AIM OF THE TASK => Please, from the entries below, transcribe exactly the lines that begin at the line with "I am starting" and end at the line with "Figure 1. —Rate", without the pictures.

EXERCISE MATERIAL =>
◆ ◆ ◆ ◆

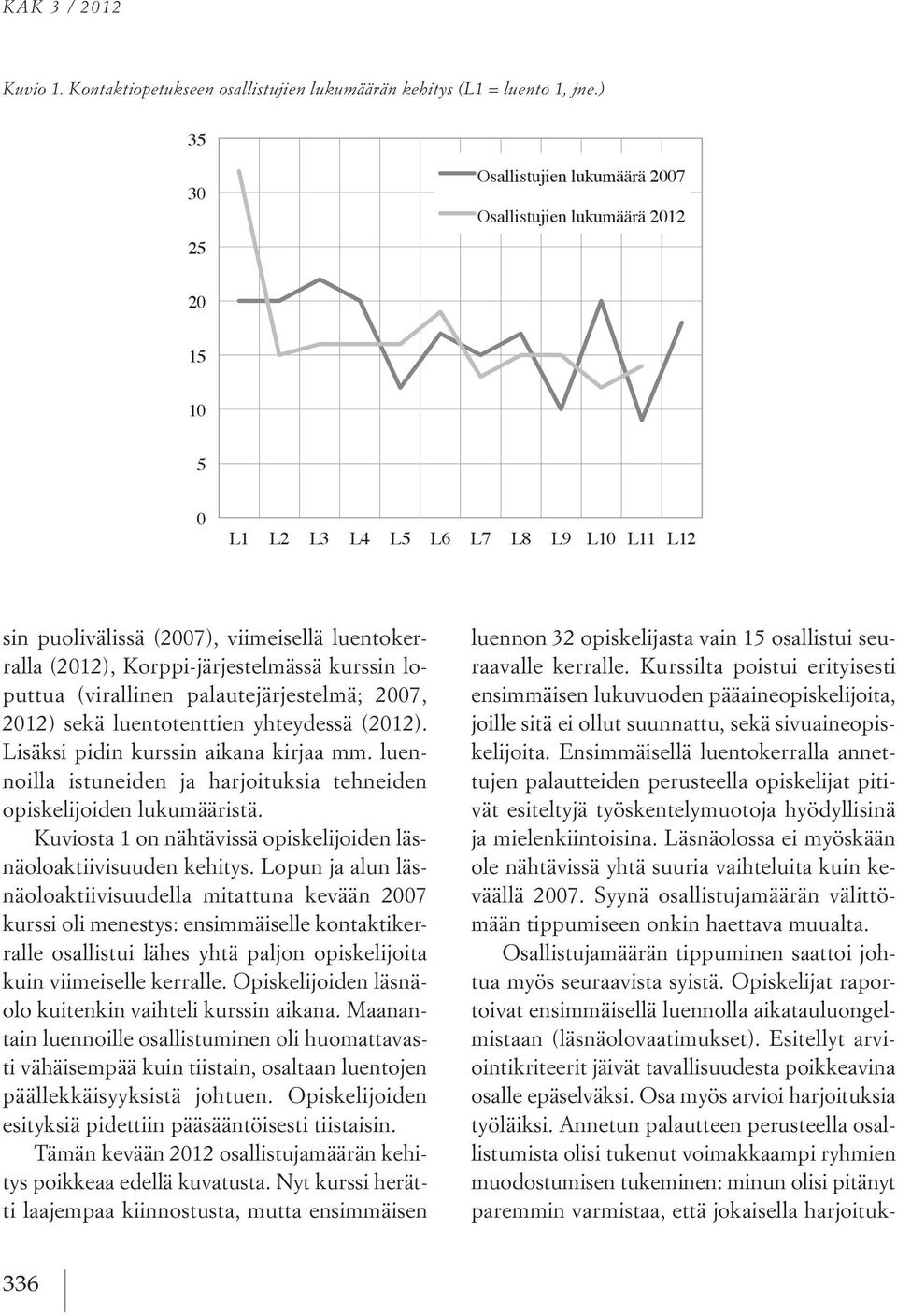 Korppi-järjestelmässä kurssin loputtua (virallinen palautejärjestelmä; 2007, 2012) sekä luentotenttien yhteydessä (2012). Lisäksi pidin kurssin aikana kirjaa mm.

◆ ◆ ◆ ◆

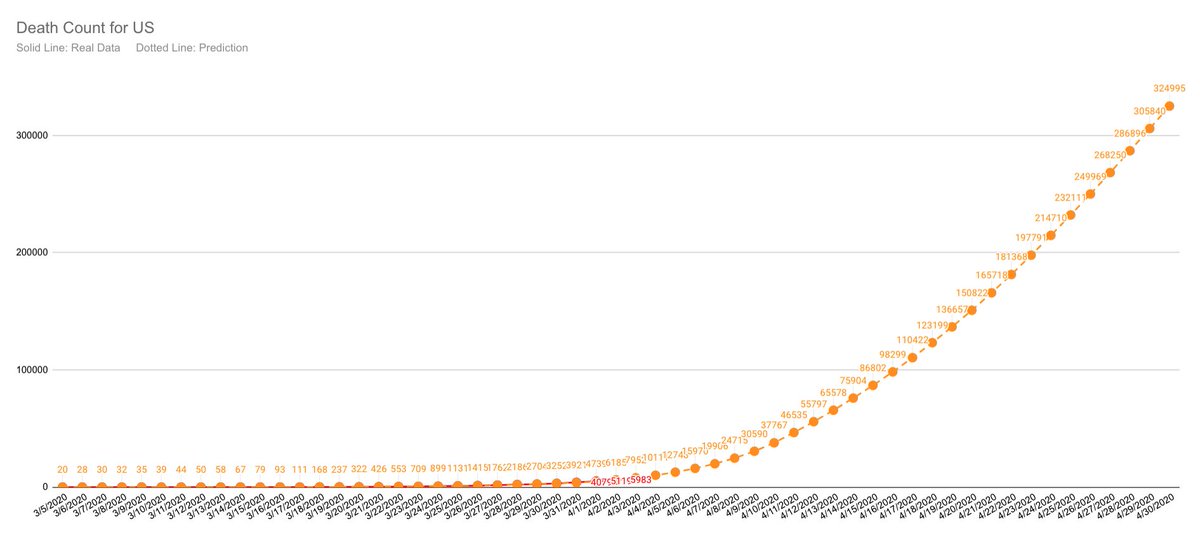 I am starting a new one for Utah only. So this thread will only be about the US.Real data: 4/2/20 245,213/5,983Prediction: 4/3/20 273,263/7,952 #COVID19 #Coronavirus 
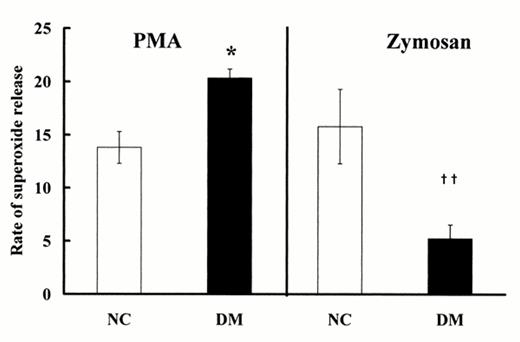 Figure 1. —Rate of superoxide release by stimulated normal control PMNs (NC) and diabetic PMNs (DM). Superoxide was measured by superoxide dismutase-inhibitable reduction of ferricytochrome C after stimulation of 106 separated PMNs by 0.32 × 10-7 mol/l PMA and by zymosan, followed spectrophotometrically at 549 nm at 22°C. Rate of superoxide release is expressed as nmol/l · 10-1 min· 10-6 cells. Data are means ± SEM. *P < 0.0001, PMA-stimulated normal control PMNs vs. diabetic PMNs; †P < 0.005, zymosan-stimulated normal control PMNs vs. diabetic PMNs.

◆ ◆ ◆ ◆

RESPONSE FOR THIS EXERCISE =>
 I am starting a new one for Utah only. So this thread will only be about the US.Real data: 4/2/20 245,213/5,983Prediction: 4/3/20 273,263/7,952 #COVID19 #Coronavirus 
 Figure 1. —Rate of superoxide release by stimulated normal control PMNs (NC) and diabetic PMNs (DM). Superoxide was measured by superoxide dismutase-inhibitable reduction of ferricytochrome C after stimulation of 106 separated PMNs by 0.32 × 10-7 mol/l PMA and by zymosan, followed spectrophotometrically at 549 nm at 22°C. Rate of superoxide release is expressed as nmol/l · 10-1 min· 10-6 cells. Data are means ± SEM. *P < 0.0001, PMA-stimulated normal control PMNs vs. diabetic PMNs; †P < 0.005, zymosan-stimulated normal control PMNs vs. diabetic PMNs.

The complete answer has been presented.